次に、上述した加熱収縮率を満たす防水シート10であれば、日数の経過により自然に皺を解消することができるかを確認した本発明の実施例について、比較例と参照しながら説明する。
まずは、本発明の実施例として、60℃にて168時間加熱した場合における加熱収縮率が0.1%以上となるように調整された防水シート10を設定した。この実施例の防水シート10は、押出成形により厚み2.0mmのシート状に加工されたものである。
一方、比較例として、60℃にて168時間加熱した場合における加熱収縮率が0.1%に満たない防水シートを用意した。
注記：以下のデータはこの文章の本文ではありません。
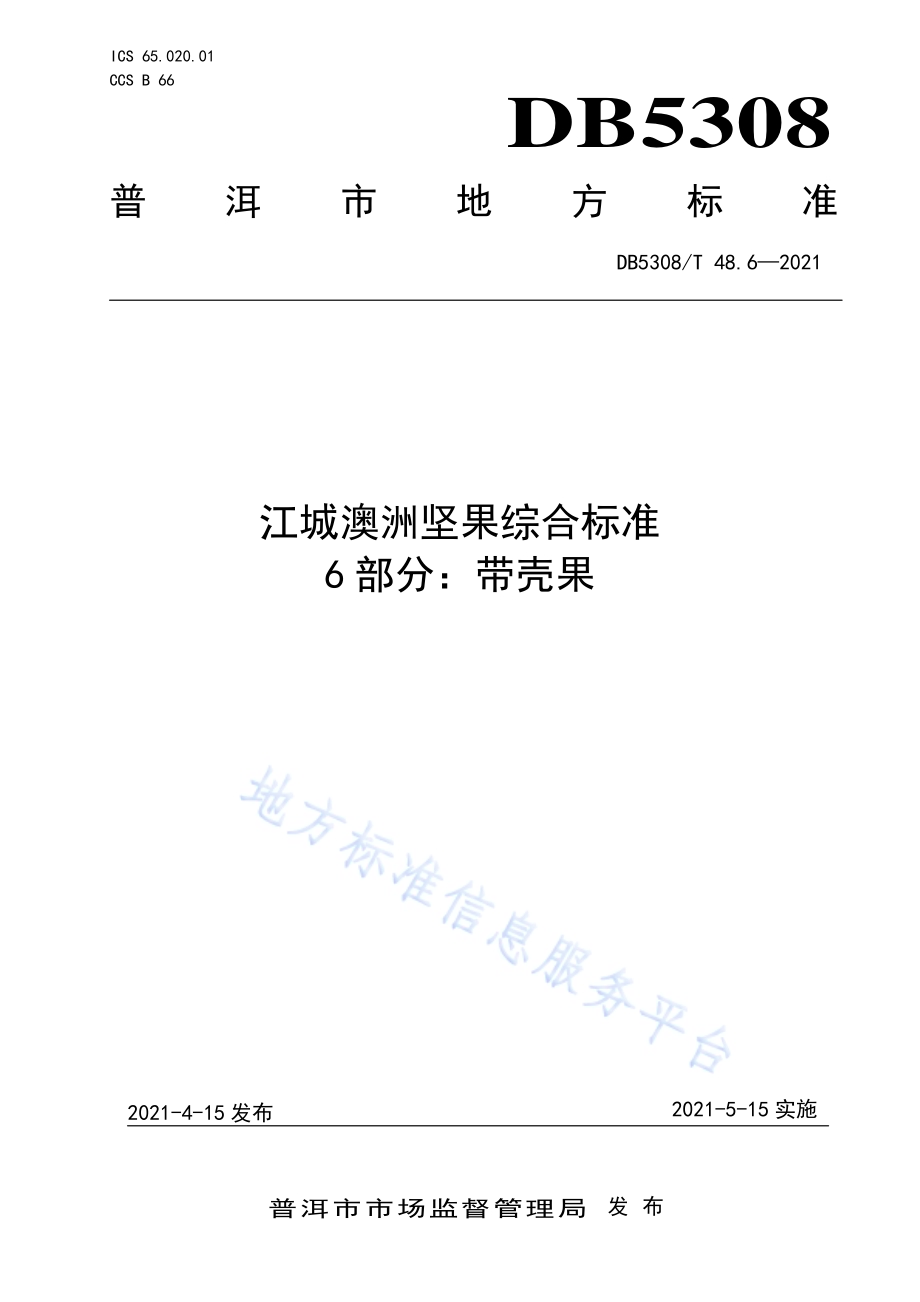 江城澳洲坚果综合标准 第6部分：带壳果DB5308／T 48.6—2021.pdf_第1页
なお、これらの比較例1、2は、いずれも、厚みは本発明の実施例と同じく2.0mmであるが、構造的には、ポリエステルやガラス繊維の基布に樹脂を張り合わせて形成されたラミネートタイプ(複合タイプ)の防水シートであった。
これらの本発明の実施例及び比較例1、2について、加熱下における時間の経過による長さの変化を確認するため、初期の(敷設時の)防水シートの長さに対する所定時間加熱後の防水シートの長さの変化割合、即ち、加熱後の変化の割合を「所定時間加熱後の防水シートの長さ/初期の(敷設時の)防水シートの長さ」として算出した。この場合、この加熱による変化の割合の評価については、防水シートに関する「JIS A 6008」の加熱伸縮性状に関する項目に準拠して行った。
具体的には、本発明の実施例及び比較例の試験片の長さを中央部で0.1mm単位で測定した後、加熱下で168時間(7日間)水平に設置し、一日毎に長さを同一箇所で測定し、最初の長さに対する伸縮量(mm)を算出した。
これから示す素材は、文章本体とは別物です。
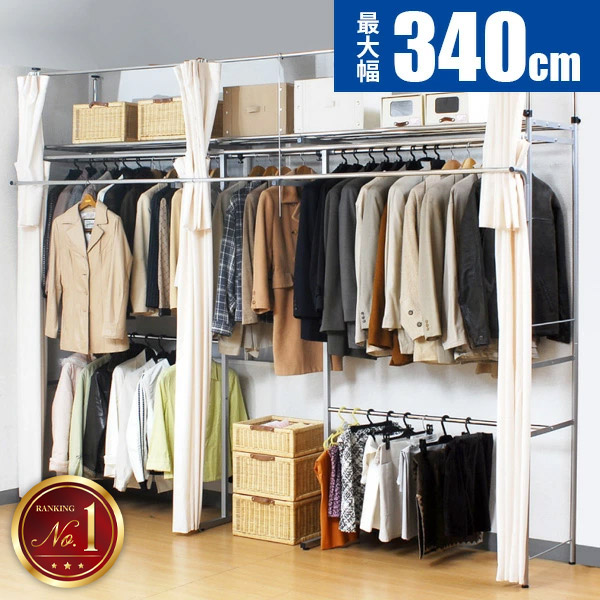 楽天市場】【レビュー特典付き】ハンガーラック 突っ張り 2段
これらの実施例及び比較例について、60℃にて加熱した場合おける伸縮割合(所定時間加熱後の防水シートの長さ/初期の(敷設時の)防水シートの長さ)を調べた結果を図5に示す。その結果、168時間(7日後)における伸縮率が−0.11%(収縮率としては0.11)以上を示した本発明の実施例については皺が解消したが、168時間(7日後)における伸縮率が−0.03%〜−0.04%だった比較例、即ち、1/10000単位の伸縮率しか示さなかった比較例では、実験終了の最後まで皺が解消することなく残存した。これは、収縮の割合が、1/10000単位の防水シートでは、殆ど収縮することができず、収縮量が小さすぎて皺を解消することができなかったためであると考えられる。このことから、加熱収縮率の下限としては、1/1000単位の収縮率、即ち、0.1%以上の加熱収縮率とすることが必要であることが確認された。
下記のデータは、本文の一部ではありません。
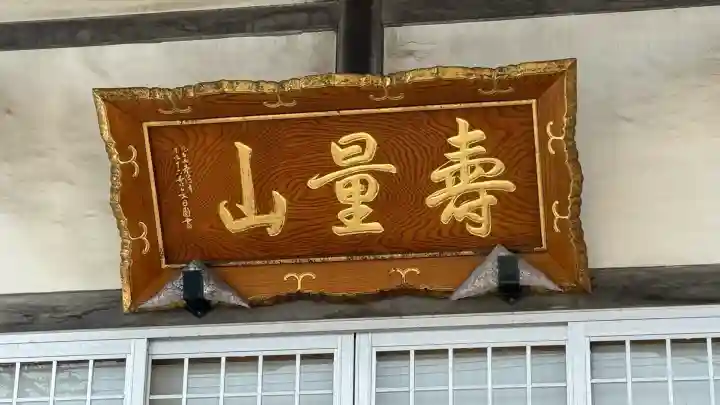 妙見寺の{uncategorized: "未分類", other: "その他", undefined: "問題あり", building: "その他建物", grave: "お墓", sacred_gate: "鳥居", guardian: "狛犬", statue: "像", buddha: "仏像", history: "歴史", nature: "自然", garden: "庭園", animal: "動物", pagoda: "塔", temizu: "手水舎", mountain_gate: "山門・神門", sanctuary: "本殿・本堂", subordinate: "末社・摂社", art: "芸術", scenery: "景色", jizo: "地蔵", ema: "絵馬", goshuin: "御朱印", omikuji: "おみくじ", items: "授与品その他", amulet: "お守り", goshuincho: "御朱印帳", eats: "食事", festival: "お祭り", votive_dance: "神楽", shichigosan: "七五三参", wedding: "結婚式", experience: "体験その他", initially: "初詣", around: "周辺", anti_infection: "感染症対策"}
ここに、「加熱収縮率」とは、次のように把握する。即ち、物体(防水シート)の加熱による伸縮率、即ち、加熱後の膨張又は収縮の割合は、「所定時間加熱後の防水シートの長さ/初期の(敷設時の)防水シートの長さ」で特定することができるが、加熱により負膨張、即ち、収縮する場合には、上記算出方法によって、加熱により縮んだ割合、即ち、収縮率が特定されることになる。具体的には、加熱により収縮する物体においては、初期値に比し、どの程度の割合で収縮したかを意味する加熱収縮率が問題となり、上記算出方法で特定される負の伸縮率(図5に示される負の値)の絶対値が、縮んだ割合、即ち、加熱「収縮」率となる。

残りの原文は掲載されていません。